Também na semana passada, após intensa pressão, a Polícia Federal anunciou que indiciará o ex-presidente da CBF, Ricardo Teixeira, por “suspeita” de crimes financeiros. As operações “atípicas” foram identificadas pelo Coaf (Controle de Atividades Financeiras), ligado ao Ministério da Fazenda, que constatou que o cartola movimentou, entre 2009 e 2012, R$ 464,6 milhões. Nem o “Jornal Nacional” conseguiu, desta vez, encobrir o caso, que pode resultar no indiciamento do amigo da famiglia Marinho pelos crimes de evasão de divisas, lavagem de dinheiro e falsidade ideológica. A notícia até pintou na telinha da TV Globo, mas logo depois o escândalo da máfia do futebol brasileiro foi novamente abafado.
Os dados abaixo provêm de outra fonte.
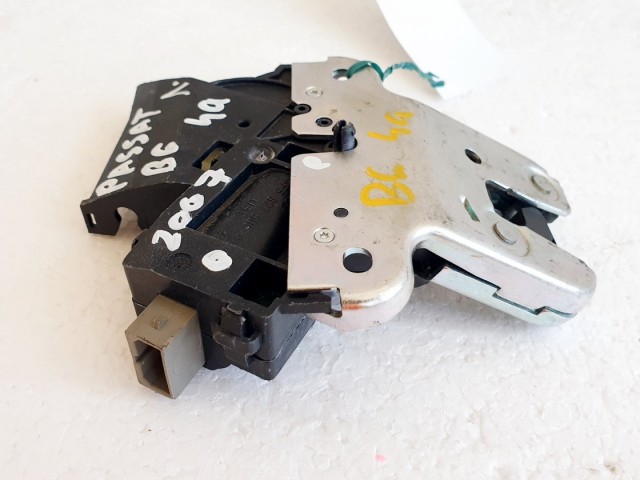 508494 VW Passat B6, Sedan, Csomagtérajtó Zár, 4F5827505D, Zárszerkezet.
Pesadelo dos filhos de Roberto Marinho
Além dos cartolas da CBF, a Rede Globo é a maior interessada em que o caso seja logo enterrado. Ela detestaria ter seus executivos convocados a depor numa CPI para explicar como funcionam os contratos de exclusividade de transmissão dos jogos. Daí seu esforço para abafar totalmente o funcionamento da CPI. Os filhos de Roberto Marinho também devem perder o sono com as “delações premiadas” nos EUA do empresário-bandido J. Hawilla. No final de maio, William Bonner chegou a ler um editorial no Jornal Nacional tentando desvincular a imagem do império midiático do temido delator: "A TV Globo, que compra os direitos de muitas dessas competições, só tem a desejar que as investigações cheguem a bom termo e que o ambiente de negócios do futebol seja honesto".
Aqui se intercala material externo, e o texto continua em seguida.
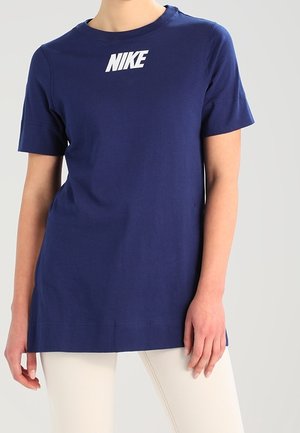 Granatowy bawełniany T-shirt z krótkimi rękawami, okrągłym dekoltem i białym logo Nike na wysokości klatki piersiowej. Prosty brzeg dolny.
A declaração “ética”, porém, não convenceu ninguém. Como lembra o jornalista Nelson de Sá, a emissora tem sólidas relações com o empresário-bandido. Além de chefiar o esquema de propina na transmissão do futebol, ele é dono de uma afiliada do império global. “A TV TEM é a maior rede de afiliadas da Globo no interior paulista, em extensão, com base em cidades como São José do Rio Preto e Sorocaba e canais adquiridos junto à própria Globo, 12 anos atrás. Tem um faturamento anual de cerca de US$ 300 milhões, aproximando-se de redes nacionais como a Band. Como Hawilla declarou, a Globo foi sua sócia da TV TEM, com 10% do negócio, ao menos nos primeiros anos. Entre outros negócios, o vínculo da Globo com Hawilla se estende à própria programação nacional da rede. A produtora TV 7, que é parte da Traffic do empresário, realiza entre outros programas o ‘Auto Esporte’ e o ‘Pequenas Empresas, Grandes Negócios’”.
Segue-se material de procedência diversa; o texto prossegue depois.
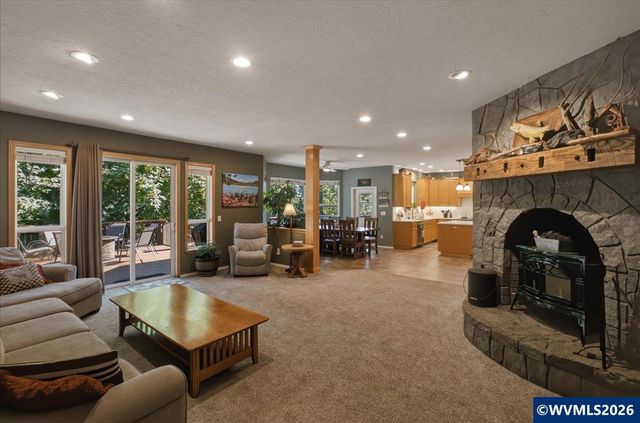 10102 Liberty Rd S, Salem, OR 97306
Estas e outras sujeiras ainda encobertas ajudam a entender porque a Rede Globo já sepultou a CPI da CBF e outras investigações sobre a máfia do futebol! Se depender da poderosa emissora, a Comissão Parlamentar de Inquérito, que terá 180 dias para apurar as irregularidades nos contratos das partidas de vários campeonatos, não dará em nada novamente. Se depender dela, as investigações da Polícia Federam terminarão em mais uma “pelada na Granja Comary”. Se depender do império global, o futebol brasileiro – paixão e patrimônio do povo – continuará sendo tratado como negócio privado e lucrativo de mafiosos.